Наряду с этими вполне традиционными формами нарратива, в набоковских романах встречаются и более сложные структуры, основанные на своеобразной омонимии повествовательных форм. Текст «Дара», первоначально воспринятый как ОАП, повторно, как показал С. Давыдов, может быть прочитан как САП. Повествование в «Отчаянии» строится в манере субъективного авторского нарратива, однако пытаясь претендовать на роль всезнающего автора, Герман в итоге оказывается «ненадежным» рассказчиком, а задуманная им совершенная по воплощению повесть вырождается в «худосочный дневник» (III, 527)[379]
.Наиболее сложной субъектно-речевой структурой среди русских романов Набокова обладает «Приглашение на казнь»[380]
, где сочетаются, накладываясь друг на друга, образуя сложные единства, различные варианты нарративной организации.Первое и наиболее характерное единство такого рода образует соединение ОАП с планом персонажа (модель, преобладающая и в «Защите Лужина»), когда к точке зрения автора подключается восприятие героя: «Детство на загородных газонах. Играли в мяч, в свинью, в карамору, в чехарду, в малину, в тычь… Он был легок и ловок, но с ним не любили играть. Зимой городские скаты гладко затягивались снегом, и как же славно было мчаться вниз на стеклянных сабуровских санках… Как быстро наступала ночь, когда с катанья возвращались домой… Какие звезды, – какая мысль и грусть наверху, – а внизу ничего не знают» (IV, 56). В подобной же форме могут быть выдержаны размышления Цинцинната или его внутренняя речь.

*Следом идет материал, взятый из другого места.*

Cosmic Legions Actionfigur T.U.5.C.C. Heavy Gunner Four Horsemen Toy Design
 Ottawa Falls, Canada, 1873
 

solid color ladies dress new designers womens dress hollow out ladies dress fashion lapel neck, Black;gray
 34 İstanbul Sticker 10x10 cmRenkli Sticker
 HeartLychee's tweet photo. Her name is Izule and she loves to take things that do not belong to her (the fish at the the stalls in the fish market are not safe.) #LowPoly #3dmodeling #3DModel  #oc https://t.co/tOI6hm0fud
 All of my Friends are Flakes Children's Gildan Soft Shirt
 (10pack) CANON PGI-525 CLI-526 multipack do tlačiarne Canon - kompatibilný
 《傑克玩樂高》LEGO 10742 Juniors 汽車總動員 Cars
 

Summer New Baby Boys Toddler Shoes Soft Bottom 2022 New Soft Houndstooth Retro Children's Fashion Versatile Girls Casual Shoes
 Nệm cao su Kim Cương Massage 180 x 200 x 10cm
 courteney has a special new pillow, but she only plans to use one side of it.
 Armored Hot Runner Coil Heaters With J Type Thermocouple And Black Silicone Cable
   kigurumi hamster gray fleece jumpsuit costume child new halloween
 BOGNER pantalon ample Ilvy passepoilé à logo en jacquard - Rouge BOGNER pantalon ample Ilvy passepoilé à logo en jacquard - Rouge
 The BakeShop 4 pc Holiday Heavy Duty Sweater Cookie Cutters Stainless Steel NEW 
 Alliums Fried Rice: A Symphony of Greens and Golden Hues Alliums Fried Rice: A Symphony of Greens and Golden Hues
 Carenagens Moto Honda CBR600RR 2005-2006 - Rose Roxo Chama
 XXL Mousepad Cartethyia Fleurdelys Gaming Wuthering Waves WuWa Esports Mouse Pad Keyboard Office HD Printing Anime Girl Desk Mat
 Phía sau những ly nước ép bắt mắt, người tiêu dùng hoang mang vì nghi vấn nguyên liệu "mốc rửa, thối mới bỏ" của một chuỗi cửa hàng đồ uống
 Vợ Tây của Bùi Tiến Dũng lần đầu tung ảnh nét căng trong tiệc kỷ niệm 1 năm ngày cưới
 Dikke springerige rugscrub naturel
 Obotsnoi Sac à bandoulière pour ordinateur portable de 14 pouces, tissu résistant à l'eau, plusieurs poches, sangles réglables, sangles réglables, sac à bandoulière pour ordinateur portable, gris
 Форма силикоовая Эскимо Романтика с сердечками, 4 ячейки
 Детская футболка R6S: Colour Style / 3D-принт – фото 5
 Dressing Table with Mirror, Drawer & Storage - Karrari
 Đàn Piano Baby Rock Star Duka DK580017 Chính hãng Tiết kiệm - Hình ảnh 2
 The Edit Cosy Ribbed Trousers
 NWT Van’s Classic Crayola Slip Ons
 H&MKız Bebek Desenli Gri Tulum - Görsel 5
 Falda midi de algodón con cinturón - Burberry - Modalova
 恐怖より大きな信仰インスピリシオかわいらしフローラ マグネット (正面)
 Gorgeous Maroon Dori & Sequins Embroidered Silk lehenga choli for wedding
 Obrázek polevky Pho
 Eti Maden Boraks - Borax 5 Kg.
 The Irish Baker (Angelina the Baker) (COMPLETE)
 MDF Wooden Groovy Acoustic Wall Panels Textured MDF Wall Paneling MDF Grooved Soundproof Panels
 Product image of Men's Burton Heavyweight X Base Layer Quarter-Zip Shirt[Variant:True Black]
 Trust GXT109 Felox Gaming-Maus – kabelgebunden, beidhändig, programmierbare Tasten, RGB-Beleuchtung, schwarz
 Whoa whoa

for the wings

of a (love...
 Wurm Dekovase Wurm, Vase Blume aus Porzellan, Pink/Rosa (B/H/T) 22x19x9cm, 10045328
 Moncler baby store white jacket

Субъектный план Цинцинната может не просто присоединяться, а полностью смешиваться с авторской речью, которая то выдерживается в более объективной манере («Засим Цинцинната отвезли обратно в крепость. Дорога обвивалась вокруг ее скалистого подножья и уходила под ворота: змея в расселину. Был спокоен: однако его поддерживали во время путешествия по длинным коридорам…» (IV, 47)), то приобретает черты субъективного авторского повествования (САП), то сочетает в себе признаки обоих видов: «…Несколько минут скорого, уже под гору чтенья – и… ужасно! Куча черешен, красно и клейко черневшая перед нами, обратилась внезапно в отдельные ягоды: вон та, со шрамом, подгнила, а эта сморщилась, ссохшись вокруг кости… Ужасно! Цинциннат снял шелковую безрукавку, надел халат и, притоптывая, чтобы унять дрожь, пустился ходить по камере» (IV, 48). Возникающее на стыке субъективного и безличного авторского повествования восклицание «Ужасно!» в равной степени допустимо приписать как герою, так и повествователю.